Spies of Warsaw (BBC Four) was probably meant for BBC1, but then someone at the BBC sat down and watched it.
As we know, it's not currently very fashionable for BBC executives to take an interest in BBC programmes, but on this occasion it's just as well one of them looked at it before making the mistake of showing it to a larger audience.
Adapted by the usually brilliant Dick Clement and Ian la Frenais from a novel by Alan Furst, the first episode was actually only about ninety minutes long. It felt, however, like it was on the air for about 12 weeks.
Even in the first ten minutes one could have timed the action by calendar. Sorry, did I use the word, "action"? Slip of the pen.

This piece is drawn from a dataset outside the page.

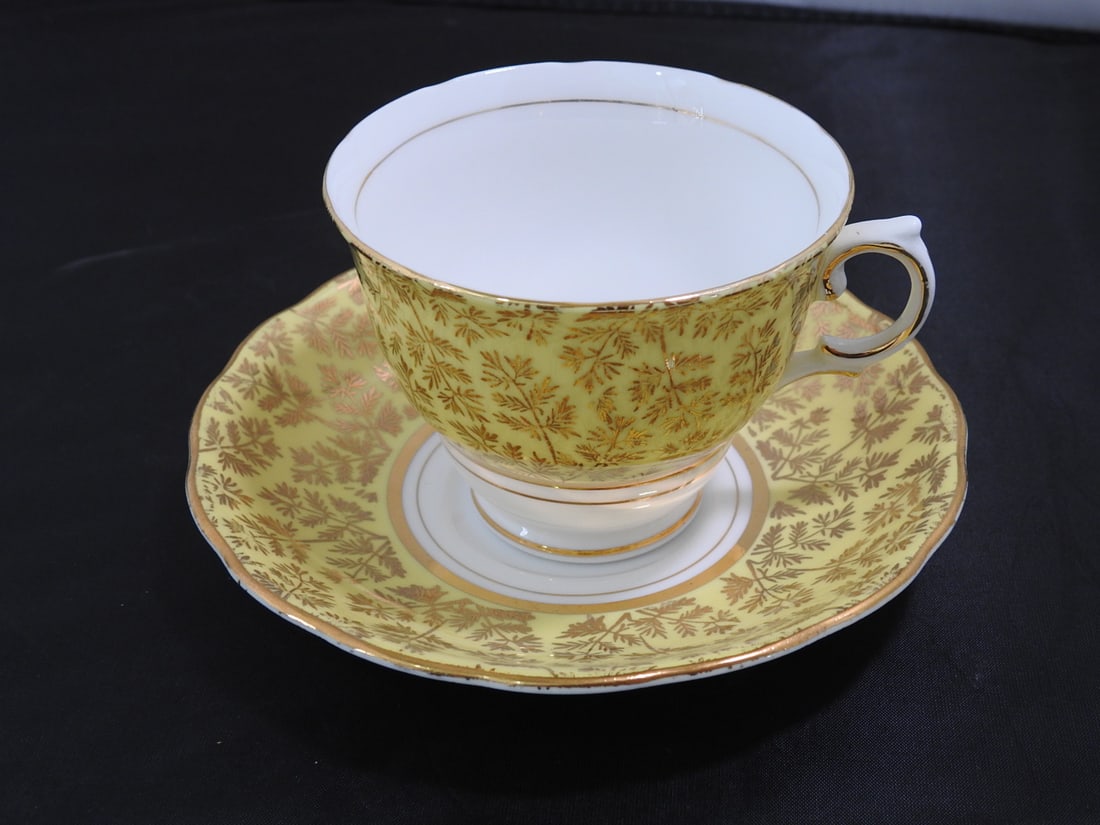 Vintage Bone China Teacup and Saucer: Vintage bone china teacup and saucer with matching pattern; see photos for design details. Measured as packed. Approx. 5 x 6 x 6 in.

At one point, near the end of the episode, I found myself asking the question, "Is this still on?"
It's difficult to say what happened, the plot being revealed at such a painfully leisurely pace.
The gist of it appeared to be that David Tennant a French spy in bright red pantaloons with stripes down the side fell very slowly in love with Janet Montgomery, the mistress of a dull, whiskered Russian exile.

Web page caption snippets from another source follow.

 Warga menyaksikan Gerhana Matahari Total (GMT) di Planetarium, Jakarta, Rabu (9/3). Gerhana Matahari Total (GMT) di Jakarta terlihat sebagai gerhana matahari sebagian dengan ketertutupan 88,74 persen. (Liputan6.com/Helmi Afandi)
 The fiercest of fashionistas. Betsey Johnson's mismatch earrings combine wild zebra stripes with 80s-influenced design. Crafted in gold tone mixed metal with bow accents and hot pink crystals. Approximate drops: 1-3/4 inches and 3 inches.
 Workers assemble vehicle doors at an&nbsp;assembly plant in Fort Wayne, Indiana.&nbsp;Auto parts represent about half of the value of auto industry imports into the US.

Then we were very slowly introduced to a mysterious Countess, who very slowly turned out not to be a Countess, and was then very slowly strangled by some Nazis.
Oh, there was a brasserie with a bullet-hole in the mirror above table 14. I think this might have been significant in some way. Or maybe it wasn't.
There was certainly great attention to period detail, which helped to slow down the action even more. Then there was the usual confusion when it came to who should speak with which accent. The Nazis spoke in German with subtitles in English. The Polish spoke English with Polish accents. The French spoke English with 'Allo 'Allo accents. Everyone spoke very, very, slowly indeed.
Tennant was wasted as the enigmatic, complex and conflicted Mercier. He doesn't really do enigmatic and complex, does he? He does quirky and eccentric. About twenty minutes in, he had a stab at being deep and conflicted, but all we really wanted was to see him whip out his sonic screwdriver and pull one of his funny faces.
Did I mention that it was quite slow? I still have episode two of Spies of Warsaw on my TIVO. I think it's going to be there for a very, very long time.